But by this simile the Prophet means that the people would be reduced to such straits, that they might not lasciviate, as they had done, in their superstitions; for while the Israelites enjoyed prosperity, they thought everything lawful for them; hence their security, and hence their contempt of the word of the Lord. By hedge, then, and by thorns, God means those adversities by which he restrains the ungodly, so that they may cease to flatter themselves, and may not thoughtlessly follow, as they were before wont to do, their own superstitions. She shall not then find her ways; that is, “I will constrain them so to groan under the burden of evils, that they shall no longer, as they have hitherto done, allow loose reins to themselves.” It afterwards follows —

Calvin: Hos 2:7 - -- God now shows what takes place when he chastises hardened and rebellious people with heavy punishment. In the first clause he shows that perverseness...

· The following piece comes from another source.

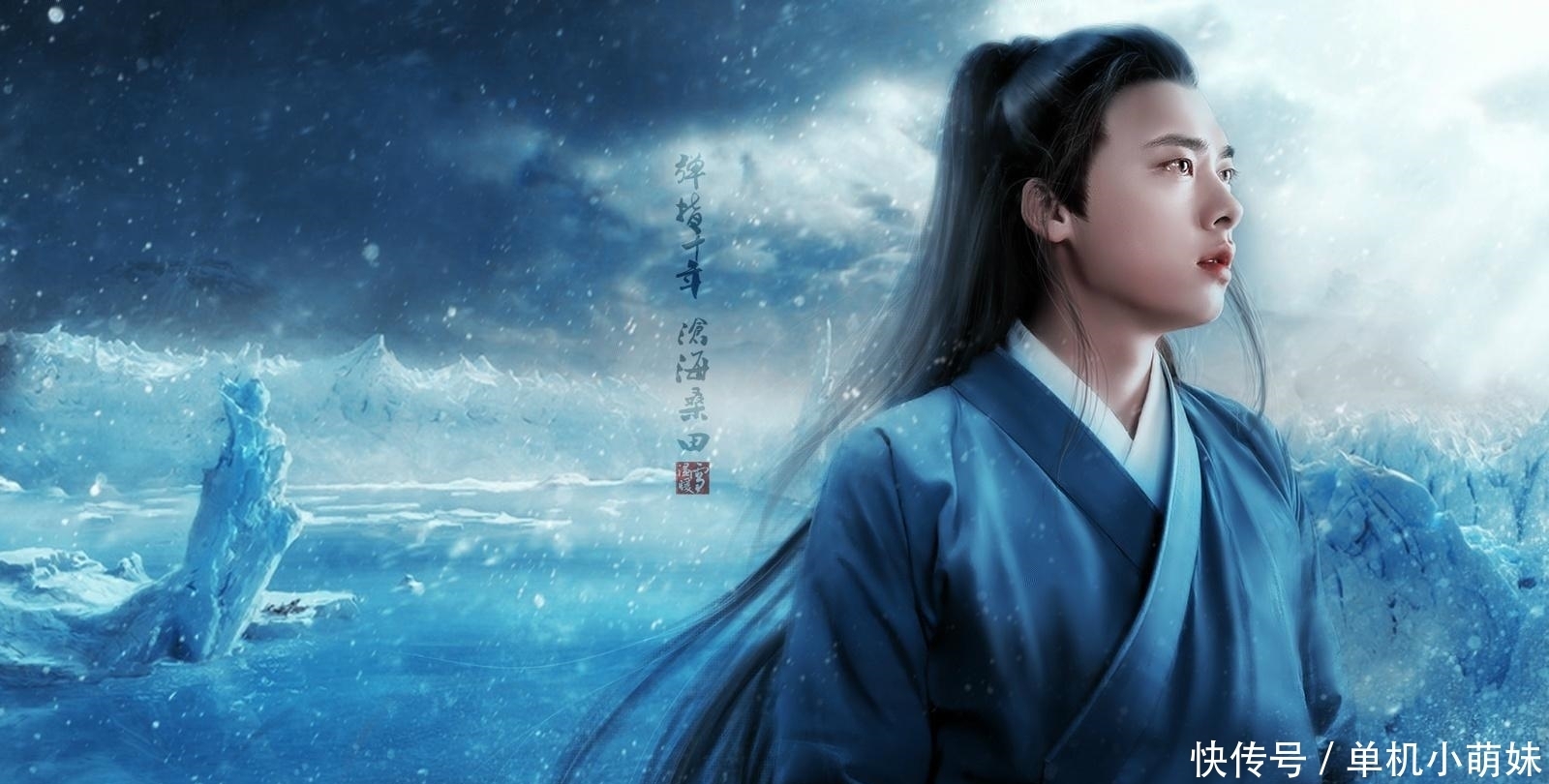 非天夜翔是同吗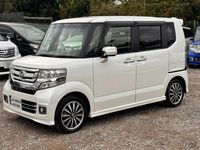 Used Honda N Box 2015 White MPV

God now shows what takes place when he chastises hardened and rebellious people with heavy punishment. In the first clause he shows that perverseness will cleave so completely to their hearts, that they will not immediately return to a sound mind. She will follow her lovers, he says, and seek them. Here the Prophet tells us, that though the Israelites should be chastised by frequent punishments, they would yet continue in their obstinacy. It hence appears how hard a neck they had, and how uncircumcised in heart they were; and such did the Prophets, as well as Moses, represent them to be. And we hence learn, that had they been only moderately corrected, it would not have been sufficient for their amendment. Amazing, indeed, was their obstinacy; for God had divorced them, and then led them into great straits; and yet they went on in their course, as though they were utterly stupid and destitute of every feeling. Is it not a prodigious madness, when men run on so obstinately, even when God sets his hand so strongly against them? Such, however, is represented to have been the obstinacy of the Israelites.

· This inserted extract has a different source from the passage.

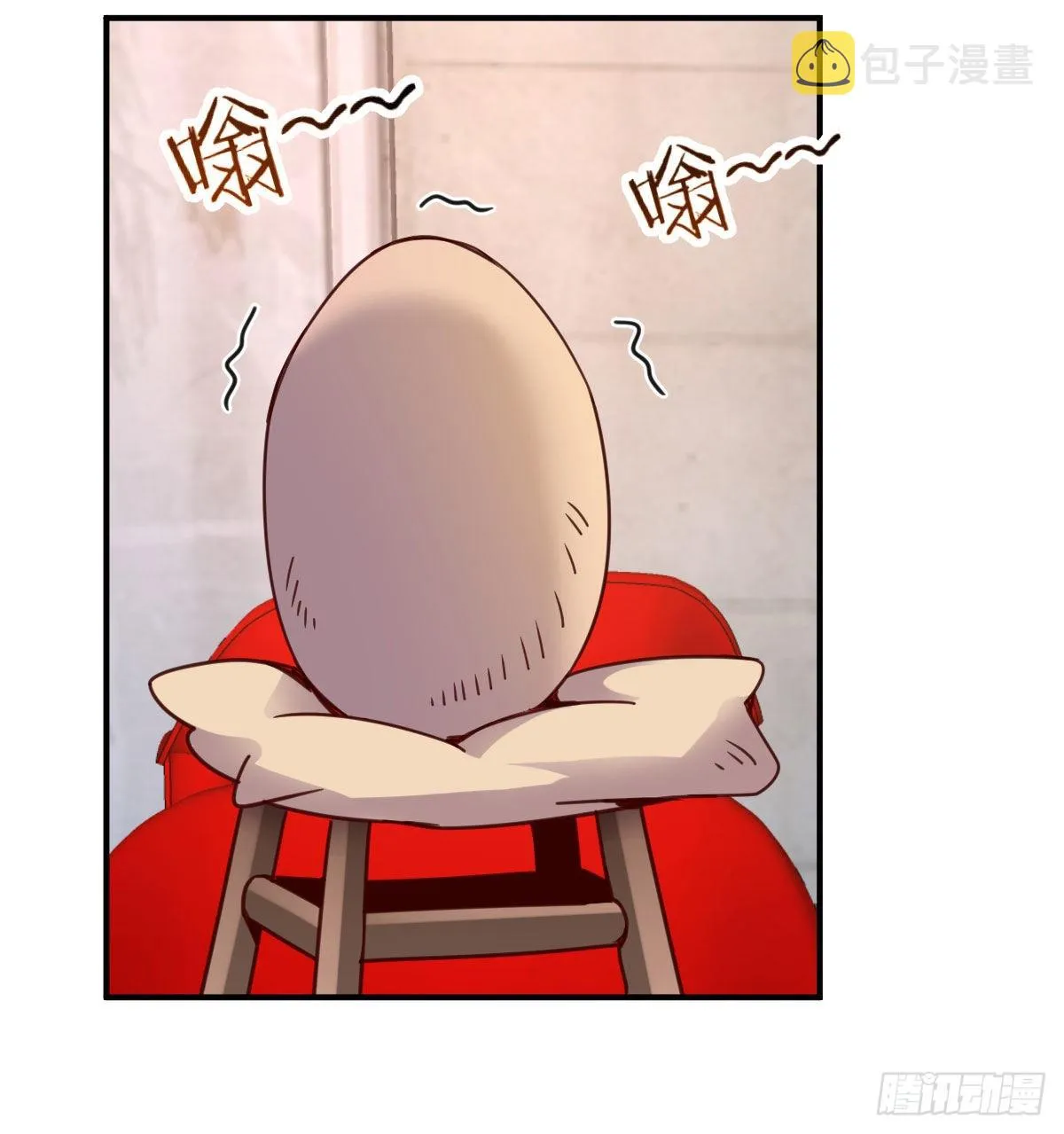 请出示健康码 第50页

The meaning then is, that when they were subdued, God would not immediately soften their hearts. Then God, though he bruised, did not yet reform them; for their hardness was so great, that they could not be turned immediately to a docile state of mind; but, on the contrary, they followed their lovers. By the word, follow, is expressed that mad zeal which possesses idolaters; for as we see, they are like men who are frantic. As then the superstitious know no bounds, nor any moderation, but a mad zeal at times lays hold on them, the Prophet says She will follow her lovers and shall not overtake them. What does the latter clause mean? That God will frustrate the hope of the ungodly, that they may know that they in vain worship false gods and follow with avidity absurd superstitions. They will seek them, he says, and shall not find them. He ever speaks of the people under the character of a shameless and unfaithful wife.
We then see what the Prophet intended to do, — to vindicate God from every blame, that men might not raise a clamour, as though he dealt unkindly with them. He shows that God, even when so rigid, produces hardly any effect; for the ungodly in their perverseness struggle against his scourges, and suffer not themselves to be brought immediately into due order.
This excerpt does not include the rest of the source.